This is because the central tenet of kaiseki is to convey respect, which means Ishii aims to not only produce a tasting menu of the highest-possible quality, but to make guests feel cherished and relaxed.
For Ishii, the quality of the glasses, plates, bowls, chopsticks and spoons used in his restaurant are central to this quest. In a nine-course meal held during London Craft Week, he wanted to celebrate the exquisite craftsmanship of his countrymen, and allow his guests to focus on the sensual experience that occurs when eating his Michelin-starred food on plates that look like art and drinking saké out of ornate glasses that could be jewellery.
“I believe every aspect of a kaiseki meal must feel like art and give pure pleasure because there is beauty everywhere you look,” he says. “The finest kaiseki meals are an expression of both time and place, and that is what I have tried to encapsulate here. I wanted to speak to you without too many words.”
The evening began when a large wooden box was placed on the table. Reminiscent of a scene from Alice in Wonderland, inside there were 20 glistening multi-coloured glasses from Horiguchi Kiriko, made by Toru Horiguchi. Some represent love, others represent youth or bravery but all were hand crafted from thin delicate glass that had been cut, polished and refined to the highest degree. We each picked one and a shot of perfectly chilled saké was poured inside.
Once the meal began, the nine courses were served on a variety of plates. Some were glass slabs whittled down by Toru Horiguchi with hidden messages appearing as the Portuguese red pawns on tosazu jelly or the Cornish white fish usuzukuri were slowly removed.

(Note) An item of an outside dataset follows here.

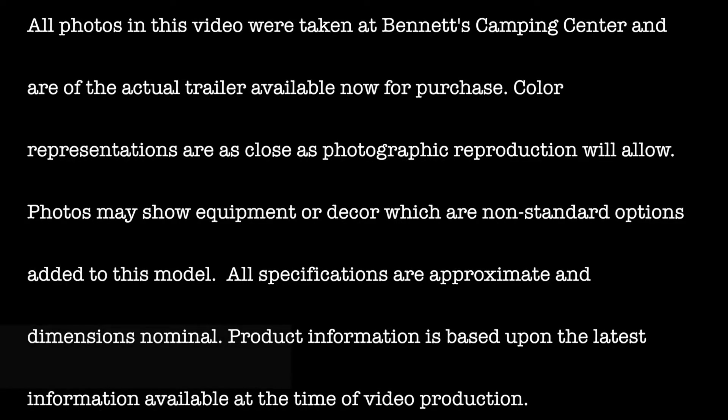All photos in this video were taken at Bennett's Camping Center and are of the actual trailer available now for purchase. Color representations are as close as photographic reproduction will allow. Photos may show equipment or decor which are non-standard options added to this model. All specifications are approximate and dimensions nominal. Product information is based upon the latest information available at the time of video production.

Most of the other plates were made by Kazuya Ishida, an artist born in Bizen, a Japanese city famous for its ceramics. Renowned for the sculpture-like pottery he produces in his noborigama and anagama wood-fired kilns, his work is highly individual. On his raw, exposed plates, we ate grilled quail with kasu saké egg and homemade tofu purée with morel mushrooms. There was one exception only, the akadasku miso soup, which Ishii served to us in ornate, black-and-gold-painted bowls from his personal collection that date back 400 years.

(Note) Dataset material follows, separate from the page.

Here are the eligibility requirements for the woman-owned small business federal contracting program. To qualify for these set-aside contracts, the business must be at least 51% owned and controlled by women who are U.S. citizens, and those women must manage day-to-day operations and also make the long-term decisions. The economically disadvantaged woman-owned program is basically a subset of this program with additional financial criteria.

It was an exceptional evening, with guests including some of the most distinguished members of the Japanese community in London, writers, art collectors and the designers themselves, and conversation should have been flowing. But as we finished our ninth and final course of strawberries with sakura mousse on a plate decorated with wild flowers and washed down with sparkling saké in delicate 100-year-old glasses, the table was struck into silence by the dedication we had witnessed.
“Kaiseki chefs strive for excellence in every detail,” says Ishii. “Because it is through the details we can tell our story.” And in a small restaurant in Mayfair, we realised just how rich and beautiful Ishii’s narrative was.